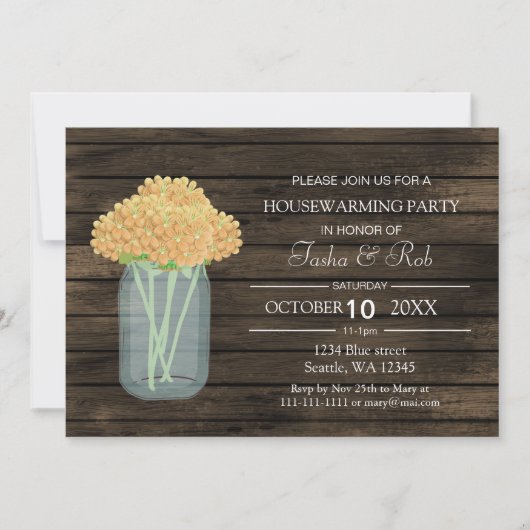 barnwood yellow mason jar Housewarming Invite Kaart (Voorkant)
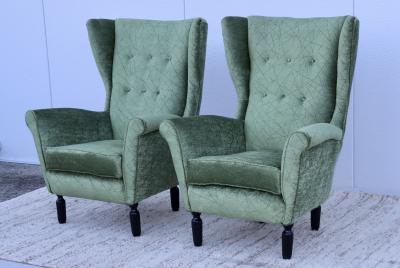 1950s Italian Wing back Lounge Chairs In Velvet Fabric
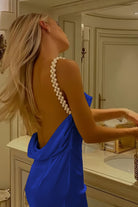 Evale | Yellow - Sheath Spaghetti Straps Satin Long Prom Dresses With Pearls - KissProm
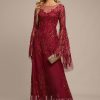 Formal & Evening | A-line Scoop Illusion Floor-Length Tulle Lace Evening Dress With Sequins Burgundy – Womens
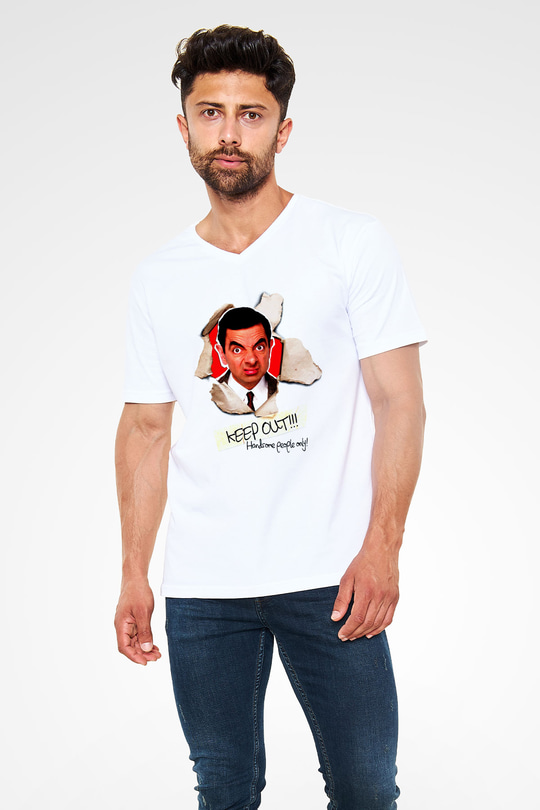 Mr.Bean Beyaz Unisex  V Yaka Tişört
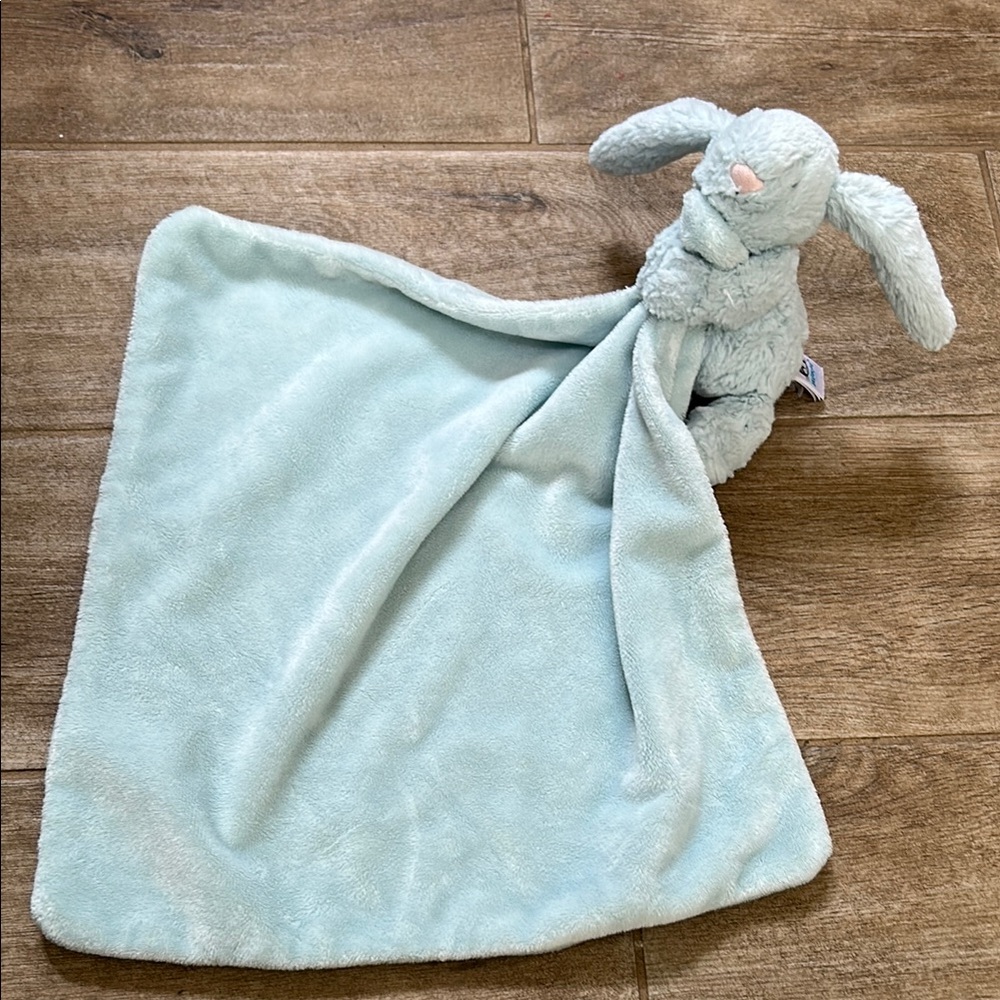 Jellycat Blue Stuffed Bunny Blanket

- - -

> _How to complete this task_
Once the pictures are removed, output the entries above exactly as given.

> _Exercise solution_
 barnwood yellow mason jar Housewarming Invite Kaart (Voorkant)
 1950s Italian Wing back Lounge Chairs In Velvet Fabric
 Evale | Yellow - Sheath Spaghetti Straps Satin Long Prom Dresses With Pearls - KissProm
 Formal & Evening | A-line Scoop Illusion Floor-Length Tulle Lace Evening Dress With Sequins Burgundy – Womens
 Mr.Bean Beyaz Unisex  V Yaka Tişört
 Jellycat Blue Stuffed Bunny Blanket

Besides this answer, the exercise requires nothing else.